Linear Regression

Now we will introduce the task of linear regression, the simplest type of machine learning problem. The goal of linear regression is to fit a line to a set of points. Consider the following dataset:


In [18]:
import numpy as np
import matplotlib.pyplot as plt

# x, y
data = np.array([
    [2.4, 1.7], 
    [2.8, 1.85], 
    [3.2, 1.79], 
    [3.6, 1.95], 
    [4.0, 2.1], 
    [4.2, 2.0], 
    [5.0, 2.7]
])

We have a series of {x,y} pairs. We can plot them with a scatterplot.


In [19]:
x, y = data[:,0], data[:,1]

plt.figure(figsize=(4, 3))
plt.scatter(x, y)


Out[19]:
<matplotlib.collections.PathCollection at 0x109414cf8>

The goal of linear regression is to find a line, $y = mx + b$ which fits the data points as well as possible.

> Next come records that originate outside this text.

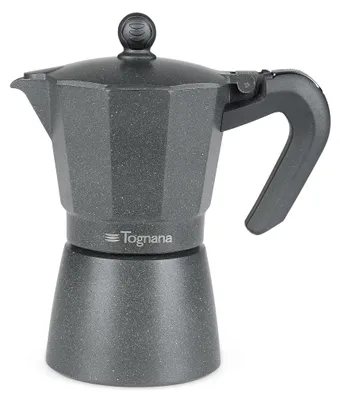 Productafbeelding van Espressomachine voor 6 kopjes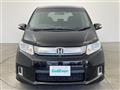 2014 Honda Freed Spike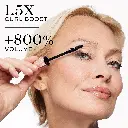 Lancôme Lash Idôle Curl Goddess Mascara - Divine Black - mourixa Qatar-4.webp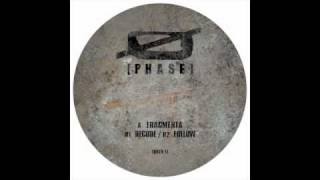 Ø Phase  Decode Token Belgium [upl. by Engamrahc609]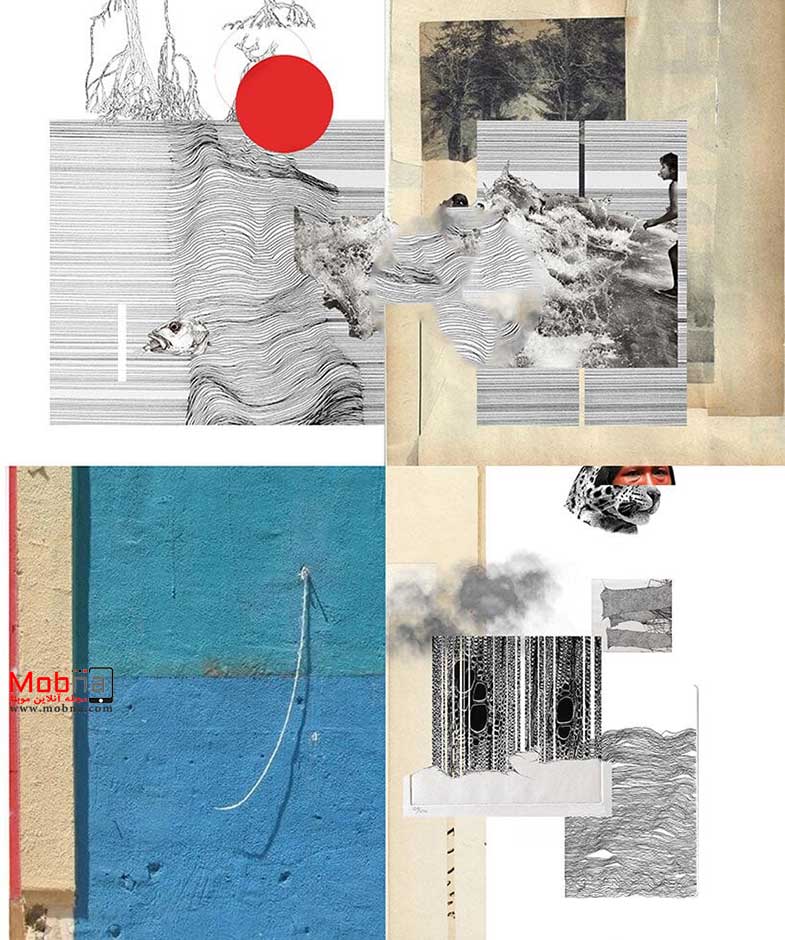 گروهی از طراحان آینده جهان توسط آکادمی طراحی موسسه فناوری ماساچوست معرفی می شوند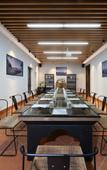 Туры в отель Yunling Tea Manor Туры в отель Yunling Tea Manor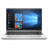 Ноутбук HP 2X7Q9EA Probook 440 G8 14.0 2X7Q9EA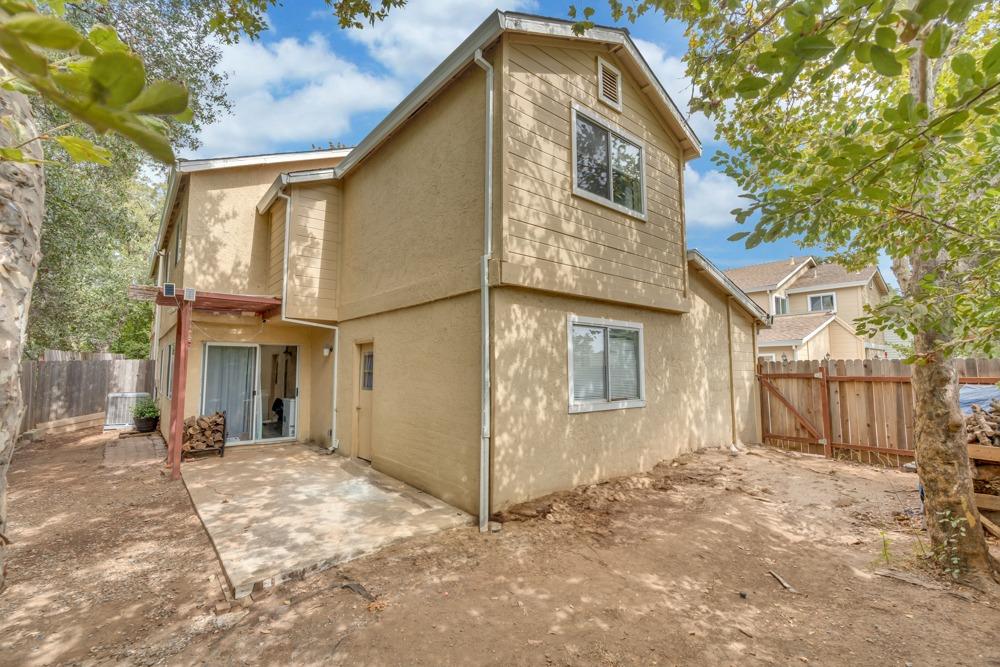 La Canada Drive #5, Cameron Park, California image 19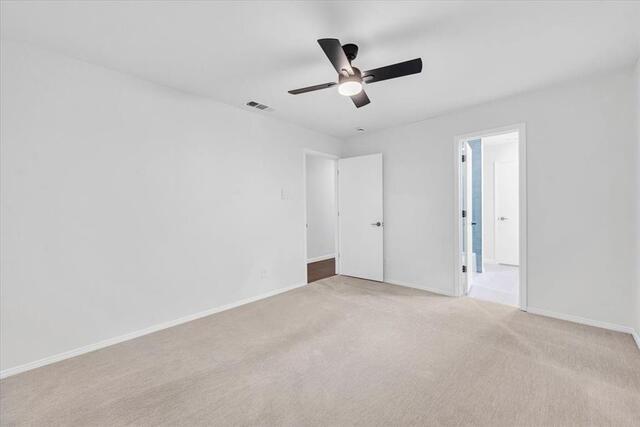 2801 W Aspen, Court Plano, TX photo 31
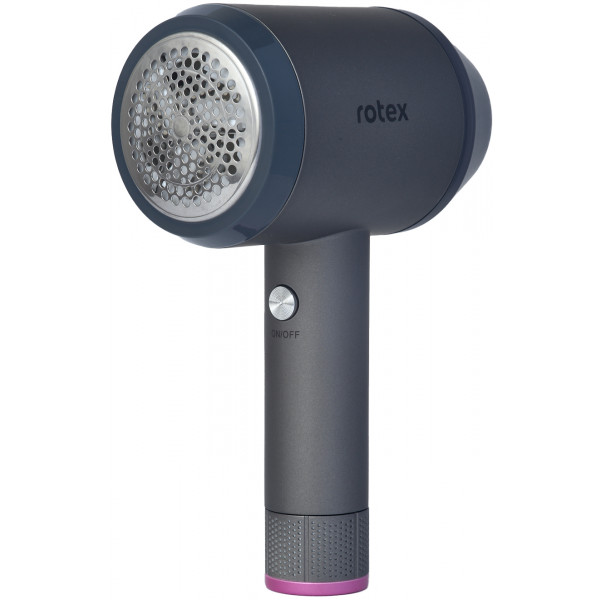 Фото - Триммер для ткани Rotex RCC600-S Katana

What does it mean for it to fit the points "as well as possible"? Let's try three random lines and compare them. We will define the following three functions as candidates:

$$f1(x) = 0.92x-1.0$$$$f2(x) = -0.21x+3.4$$$$f3(x) = 0.52x+0.1$$

In [20]:
def f1(x):
    return 0.92 * x - 1.0

def f2(x):
    return -0.21 * x + 3.4

def f3(x):
    return 0.52 * x + 0.1

# try some examples
print("f1(-1.0) = %0.2f" % f1(-1))
print("f2( 0.0) = %0.2f" % f2(0))
print("f3( 2.0) = %0.2f" % f3(2))


f1(-1.0) = -1.92
f2( 0.0) = 3.40
f3( 2.0) = 1.14

Let's plot all three of these functions and see how well each of them fit the points in our dataset.


In [21]:
min_x, max_x = min(x), max(x)

fig = plt.figure(figsize=(10,3))

fig.add_subplot(131)
plt.scatter(x, y)
plt.plot([min_x, max_x], [f1(min_x), f1(max_x)], 'k-')
plt.title("f1")

fig.add_subplot(132)
plt.scatter(x, y)
plt.plot([min_x, max_x], [f2(min_x), f2(max_x)], 'k-')
plt.title("f2")

fig.add_subplot(133)
plt.scatter(x, y)
plt.plot([min_x, max_x], [f3(min_x), f3(max_x)], 'k-')
plt.title("f3")


Out[21]:
<matplotlib.text.Text at 0x10b128d68>

Intuitively, it looks like $f1$ and $f3$ come closest to a good fit, with $f3$ looking somewhat better than $f1$, and $f2$ showing the worst fit. But how do we formally express how good a fit is? We define an "error" or "cost" function, which expresses the total error between the points predicted by the line, and those of the actual dataset.

One very popular measure of this called the "sum squared error," which we will denote as $J$, which is the sum of the square differences between the data points and the line.

$$ J = \sum{(y_i - f(x_i))^2} $$

Intuitively, for each pair of points $(x_i, y_i)$, the quantity $y_i - f(x_i)$ is the difference between the actual point $y_i$ and the y-value predicted by the line at $x_i$. Then we square them (to penalize large distances more) and sum them together.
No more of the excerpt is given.